> _Task data_
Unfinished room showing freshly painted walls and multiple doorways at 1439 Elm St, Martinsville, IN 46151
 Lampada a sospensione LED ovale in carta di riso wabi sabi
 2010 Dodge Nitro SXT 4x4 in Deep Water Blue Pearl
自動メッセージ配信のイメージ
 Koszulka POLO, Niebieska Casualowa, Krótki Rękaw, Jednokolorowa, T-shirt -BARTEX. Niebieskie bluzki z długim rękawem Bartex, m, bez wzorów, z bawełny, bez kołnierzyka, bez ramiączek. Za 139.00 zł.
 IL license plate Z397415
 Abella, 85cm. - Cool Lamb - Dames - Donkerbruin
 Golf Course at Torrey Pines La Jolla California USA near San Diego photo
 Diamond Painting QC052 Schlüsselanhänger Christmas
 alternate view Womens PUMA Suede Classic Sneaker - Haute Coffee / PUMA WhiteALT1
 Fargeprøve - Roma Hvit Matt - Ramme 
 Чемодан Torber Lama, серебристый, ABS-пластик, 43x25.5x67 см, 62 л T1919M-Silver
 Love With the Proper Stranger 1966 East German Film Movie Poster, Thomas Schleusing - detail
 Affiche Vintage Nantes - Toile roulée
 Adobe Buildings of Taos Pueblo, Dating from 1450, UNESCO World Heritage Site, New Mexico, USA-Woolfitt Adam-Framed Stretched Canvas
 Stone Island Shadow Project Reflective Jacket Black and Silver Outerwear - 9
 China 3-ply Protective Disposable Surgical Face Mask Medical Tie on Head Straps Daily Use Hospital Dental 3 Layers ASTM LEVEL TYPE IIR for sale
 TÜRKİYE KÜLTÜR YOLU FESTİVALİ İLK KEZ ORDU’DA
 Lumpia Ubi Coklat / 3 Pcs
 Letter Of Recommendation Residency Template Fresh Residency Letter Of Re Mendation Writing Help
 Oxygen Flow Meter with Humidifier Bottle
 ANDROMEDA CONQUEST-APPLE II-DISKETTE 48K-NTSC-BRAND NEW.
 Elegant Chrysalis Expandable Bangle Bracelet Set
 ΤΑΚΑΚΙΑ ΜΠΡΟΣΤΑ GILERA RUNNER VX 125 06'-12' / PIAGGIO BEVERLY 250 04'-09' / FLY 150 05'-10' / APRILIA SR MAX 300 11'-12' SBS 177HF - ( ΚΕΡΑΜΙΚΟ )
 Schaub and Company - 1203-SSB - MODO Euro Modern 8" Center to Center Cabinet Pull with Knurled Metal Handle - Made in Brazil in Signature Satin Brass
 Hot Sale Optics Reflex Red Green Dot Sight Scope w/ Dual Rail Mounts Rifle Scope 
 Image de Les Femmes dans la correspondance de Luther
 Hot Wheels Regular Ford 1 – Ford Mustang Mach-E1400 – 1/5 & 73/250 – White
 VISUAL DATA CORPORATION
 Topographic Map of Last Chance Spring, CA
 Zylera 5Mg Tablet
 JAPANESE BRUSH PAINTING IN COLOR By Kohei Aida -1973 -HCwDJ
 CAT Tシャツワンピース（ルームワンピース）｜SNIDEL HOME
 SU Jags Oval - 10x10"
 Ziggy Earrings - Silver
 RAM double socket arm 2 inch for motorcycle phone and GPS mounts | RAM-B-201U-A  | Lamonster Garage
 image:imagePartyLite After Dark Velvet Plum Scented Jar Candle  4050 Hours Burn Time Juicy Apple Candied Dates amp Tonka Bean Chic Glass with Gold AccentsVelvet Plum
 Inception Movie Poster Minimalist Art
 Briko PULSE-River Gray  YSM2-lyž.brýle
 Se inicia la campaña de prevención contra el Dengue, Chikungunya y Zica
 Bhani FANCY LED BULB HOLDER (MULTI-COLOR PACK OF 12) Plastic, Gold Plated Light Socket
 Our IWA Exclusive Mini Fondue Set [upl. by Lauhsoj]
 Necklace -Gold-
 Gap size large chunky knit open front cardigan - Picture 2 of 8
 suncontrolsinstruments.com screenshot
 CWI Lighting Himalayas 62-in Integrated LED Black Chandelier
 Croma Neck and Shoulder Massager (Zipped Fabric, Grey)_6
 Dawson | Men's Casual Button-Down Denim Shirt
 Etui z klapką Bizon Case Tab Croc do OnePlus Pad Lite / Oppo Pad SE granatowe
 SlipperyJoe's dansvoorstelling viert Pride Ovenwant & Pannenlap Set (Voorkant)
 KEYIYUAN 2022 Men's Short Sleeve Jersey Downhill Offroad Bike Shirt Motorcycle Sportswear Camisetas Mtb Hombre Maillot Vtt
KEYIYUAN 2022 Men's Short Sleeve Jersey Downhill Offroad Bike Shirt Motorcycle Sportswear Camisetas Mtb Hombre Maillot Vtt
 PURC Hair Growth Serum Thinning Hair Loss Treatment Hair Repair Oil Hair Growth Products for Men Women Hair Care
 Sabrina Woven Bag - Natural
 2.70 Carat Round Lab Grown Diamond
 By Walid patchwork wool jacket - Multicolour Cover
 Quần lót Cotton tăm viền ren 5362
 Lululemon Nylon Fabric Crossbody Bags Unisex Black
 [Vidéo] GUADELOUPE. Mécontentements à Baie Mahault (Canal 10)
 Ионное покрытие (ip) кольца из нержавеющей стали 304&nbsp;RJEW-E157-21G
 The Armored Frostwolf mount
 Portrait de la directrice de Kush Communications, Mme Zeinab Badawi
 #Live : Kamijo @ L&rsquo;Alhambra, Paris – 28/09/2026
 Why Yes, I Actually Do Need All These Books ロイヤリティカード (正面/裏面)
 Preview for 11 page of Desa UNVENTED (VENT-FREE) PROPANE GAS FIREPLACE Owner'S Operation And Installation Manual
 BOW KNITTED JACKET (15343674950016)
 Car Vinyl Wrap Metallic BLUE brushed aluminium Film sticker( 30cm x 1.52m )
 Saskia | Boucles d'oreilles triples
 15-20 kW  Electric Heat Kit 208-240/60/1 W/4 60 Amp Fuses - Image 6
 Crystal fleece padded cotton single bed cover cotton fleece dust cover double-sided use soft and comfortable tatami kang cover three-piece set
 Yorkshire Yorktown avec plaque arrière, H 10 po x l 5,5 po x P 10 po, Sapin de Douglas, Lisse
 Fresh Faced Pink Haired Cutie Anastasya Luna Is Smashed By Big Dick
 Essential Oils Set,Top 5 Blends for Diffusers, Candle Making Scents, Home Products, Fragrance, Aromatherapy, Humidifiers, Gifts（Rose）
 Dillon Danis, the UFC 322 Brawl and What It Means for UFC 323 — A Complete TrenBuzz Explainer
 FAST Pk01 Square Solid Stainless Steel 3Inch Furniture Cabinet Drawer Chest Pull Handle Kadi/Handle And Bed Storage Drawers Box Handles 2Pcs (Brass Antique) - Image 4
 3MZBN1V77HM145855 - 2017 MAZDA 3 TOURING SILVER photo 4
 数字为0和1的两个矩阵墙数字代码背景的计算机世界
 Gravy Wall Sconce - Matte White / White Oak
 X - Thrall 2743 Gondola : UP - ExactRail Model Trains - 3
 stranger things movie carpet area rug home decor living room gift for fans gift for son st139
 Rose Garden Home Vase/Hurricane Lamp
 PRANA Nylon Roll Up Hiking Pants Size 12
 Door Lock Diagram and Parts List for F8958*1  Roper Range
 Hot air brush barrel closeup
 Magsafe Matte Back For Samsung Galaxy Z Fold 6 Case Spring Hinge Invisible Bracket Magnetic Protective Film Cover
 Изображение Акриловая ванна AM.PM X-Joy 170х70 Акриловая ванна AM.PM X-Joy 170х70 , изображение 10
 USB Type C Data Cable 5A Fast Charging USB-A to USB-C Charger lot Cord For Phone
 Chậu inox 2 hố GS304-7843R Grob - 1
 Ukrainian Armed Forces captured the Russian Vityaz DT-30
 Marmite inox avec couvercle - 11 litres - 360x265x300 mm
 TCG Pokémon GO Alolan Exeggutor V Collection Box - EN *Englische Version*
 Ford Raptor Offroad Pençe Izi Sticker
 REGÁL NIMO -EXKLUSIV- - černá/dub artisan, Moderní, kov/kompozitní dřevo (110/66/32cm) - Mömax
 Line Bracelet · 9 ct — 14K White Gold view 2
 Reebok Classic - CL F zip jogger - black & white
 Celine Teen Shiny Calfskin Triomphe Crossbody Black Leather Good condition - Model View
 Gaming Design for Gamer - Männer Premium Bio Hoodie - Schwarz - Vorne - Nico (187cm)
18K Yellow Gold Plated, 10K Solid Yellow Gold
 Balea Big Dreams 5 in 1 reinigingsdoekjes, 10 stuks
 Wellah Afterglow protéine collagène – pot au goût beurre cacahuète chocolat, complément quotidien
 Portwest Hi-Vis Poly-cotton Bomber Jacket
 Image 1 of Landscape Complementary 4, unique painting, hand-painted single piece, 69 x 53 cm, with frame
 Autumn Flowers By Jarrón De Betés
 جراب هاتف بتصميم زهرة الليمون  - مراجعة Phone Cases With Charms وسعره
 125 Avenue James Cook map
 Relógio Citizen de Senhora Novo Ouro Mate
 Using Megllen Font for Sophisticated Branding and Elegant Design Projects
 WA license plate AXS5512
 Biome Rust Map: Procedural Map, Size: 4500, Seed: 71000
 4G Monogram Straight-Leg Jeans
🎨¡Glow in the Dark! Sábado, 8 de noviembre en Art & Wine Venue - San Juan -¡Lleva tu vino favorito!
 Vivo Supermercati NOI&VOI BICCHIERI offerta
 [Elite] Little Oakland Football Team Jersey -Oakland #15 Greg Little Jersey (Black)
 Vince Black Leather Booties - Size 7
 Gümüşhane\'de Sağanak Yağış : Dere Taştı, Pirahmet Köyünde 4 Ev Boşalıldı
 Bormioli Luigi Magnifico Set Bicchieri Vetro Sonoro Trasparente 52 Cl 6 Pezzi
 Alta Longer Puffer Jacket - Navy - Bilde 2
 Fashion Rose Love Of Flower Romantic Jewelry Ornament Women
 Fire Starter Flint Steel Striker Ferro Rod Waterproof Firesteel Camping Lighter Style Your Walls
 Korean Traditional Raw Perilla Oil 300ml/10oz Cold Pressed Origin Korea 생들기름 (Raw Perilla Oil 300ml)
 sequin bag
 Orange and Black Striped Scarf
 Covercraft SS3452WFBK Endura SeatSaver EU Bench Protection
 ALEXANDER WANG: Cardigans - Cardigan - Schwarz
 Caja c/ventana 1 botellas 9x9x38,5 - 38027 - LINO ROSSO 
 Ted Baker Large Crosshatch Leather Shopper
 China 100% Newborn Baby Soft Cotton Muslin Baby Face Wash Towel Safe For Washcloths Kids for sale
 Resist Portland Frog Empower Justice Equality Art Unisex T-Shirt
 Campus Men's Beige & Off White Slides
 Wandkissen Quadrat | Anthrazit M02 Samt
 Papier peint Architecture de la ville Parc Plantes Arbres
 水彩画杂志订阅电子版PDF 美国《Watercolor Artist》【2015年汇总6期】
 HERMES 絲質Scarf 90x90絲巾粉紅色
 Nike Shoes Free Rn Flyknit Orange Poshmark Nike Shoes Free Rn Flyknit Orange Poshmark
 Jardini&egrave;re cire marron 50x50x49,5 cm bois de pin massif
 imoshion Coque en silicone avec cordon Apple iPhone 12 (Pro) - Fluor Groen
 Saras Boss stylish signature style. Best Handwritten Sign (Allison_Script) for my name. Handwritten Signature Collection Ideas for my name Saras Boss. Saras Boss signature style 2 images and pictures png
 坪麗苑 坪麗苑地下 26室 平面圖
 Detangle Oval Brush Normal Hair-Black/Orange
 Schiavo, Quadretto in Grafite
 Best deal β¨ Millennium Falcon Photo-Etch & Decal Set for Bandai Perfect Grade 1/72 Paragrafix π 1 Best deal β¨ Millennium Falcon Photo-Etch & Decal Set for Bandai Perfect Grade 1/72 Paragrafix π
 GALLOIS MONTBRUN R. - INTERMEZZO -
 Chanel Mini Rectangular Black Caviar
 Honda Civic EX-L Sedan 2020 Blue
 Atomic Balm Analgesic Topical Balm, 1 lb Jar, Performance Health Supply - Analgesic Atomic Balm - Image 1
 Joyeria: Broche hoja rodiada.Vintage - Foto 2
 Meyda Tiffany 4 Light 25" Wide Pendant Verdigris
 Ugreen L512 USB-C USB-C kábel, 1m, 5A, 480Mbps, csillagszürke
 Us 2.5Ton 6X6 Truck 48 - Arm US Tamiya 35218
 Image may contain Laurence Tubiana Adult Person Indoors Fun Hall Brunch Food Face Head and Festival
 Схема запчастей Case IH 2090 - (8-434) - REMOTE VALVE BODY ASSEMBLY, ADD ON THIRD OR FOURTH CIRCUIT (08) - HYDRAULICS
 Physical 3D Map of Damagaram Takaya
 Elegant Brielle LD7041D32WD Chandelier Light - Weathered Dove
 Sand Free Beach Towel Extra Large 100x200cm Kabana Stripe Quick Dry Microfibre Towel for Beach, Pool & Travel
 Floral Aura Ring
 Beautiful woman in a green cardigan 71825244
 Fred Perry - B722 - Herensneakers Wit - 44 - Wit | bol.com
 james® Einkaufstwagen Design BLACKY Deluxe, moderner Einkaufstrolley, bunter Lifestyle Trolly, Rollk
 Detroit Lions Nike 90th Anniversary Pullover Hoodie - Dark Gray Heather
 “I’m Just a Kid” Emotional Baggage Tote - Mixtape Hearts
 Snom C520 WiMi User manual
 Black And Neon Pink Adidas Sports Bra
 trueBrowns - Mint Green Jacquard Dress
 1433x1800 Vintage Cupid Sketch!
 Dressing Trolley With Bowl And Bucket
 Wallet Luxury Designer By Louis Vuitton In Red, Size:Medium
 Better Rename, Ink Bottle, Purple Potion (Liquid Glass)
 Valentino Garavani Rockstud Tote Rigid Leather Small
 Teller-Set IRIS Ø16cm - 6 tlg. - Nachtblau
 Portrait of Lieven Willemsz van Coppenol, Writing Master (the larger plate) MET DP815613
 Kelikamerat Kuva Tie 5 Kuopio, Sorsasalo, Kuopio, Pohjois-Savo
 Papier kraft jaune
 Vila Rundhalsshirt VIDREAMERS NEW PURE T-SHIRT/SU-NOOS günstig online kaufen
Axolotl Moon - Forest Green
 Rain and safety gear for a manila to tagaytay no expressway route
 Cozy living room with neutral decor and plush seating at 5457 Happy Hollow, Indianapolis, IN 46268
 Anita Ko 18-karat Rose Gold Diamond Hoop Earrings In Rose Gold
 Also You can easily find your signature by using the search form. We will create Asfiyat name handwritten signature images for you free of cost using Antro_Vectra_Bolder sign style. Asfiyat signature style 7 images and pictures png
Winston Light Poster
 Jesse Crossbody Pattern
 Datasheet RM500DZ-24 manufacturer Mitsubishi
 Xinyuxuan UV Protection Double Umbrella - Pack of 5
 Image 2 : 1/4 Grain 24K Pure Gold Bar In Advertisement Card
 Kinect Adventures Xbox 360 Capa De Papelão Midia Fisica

> _What the task requires_
In the records above, find the line containing "Affiche Vintage Nantes - Toile roulée" and restate word for word every line from the first through that one.

> _Problem solution_
Unfinished room showing freshly painted walls and multiple doorways at 1439 Elm St, Martinsville, IN 46151
 Lampada a sospensione LED ovale in carta di riso wabi sabi
 2010 Dodge Nitro SXT 4x4 in Deep Water Blue Pearl
自動メッセージ配信のイメージ
 Koszulka POLO, Niebieska Casualowa, Krótki Rękaw, Jednokolorowa, T-shirt -BARTEX. Niebieskie bluzki z długim rękawem Bartex, m, bez wzorów, z bawełny, bez kołnierzyka, bez ramiączek. Za 139.00 zł.
 IL license plate Z397415
 Abella, 85cm. - Cool Lamb - Dames - Donkerbruin
 Golf Course at Torrey Pines La Jolla California USA near San Diego photo
 Diamond Painting QC052 Schlüsselanhänger Christmas
 alternate view Womens PUMA Suede Classic Sneaker - Haute Coffee / PUMA WhiteALT1
 Fargeprøve - Roma Hvit Matt - Ramme 
 Чемодан Torber Lama, серебристый, ABS-пластик, 43x25.5x67 см, 62 л T1919M-Silver
 Love With the Proper Stranger 1966 East German Film Movie Poster, Thomas Schleusing - detail
 Affiche Vintage Nantes - Toile roulée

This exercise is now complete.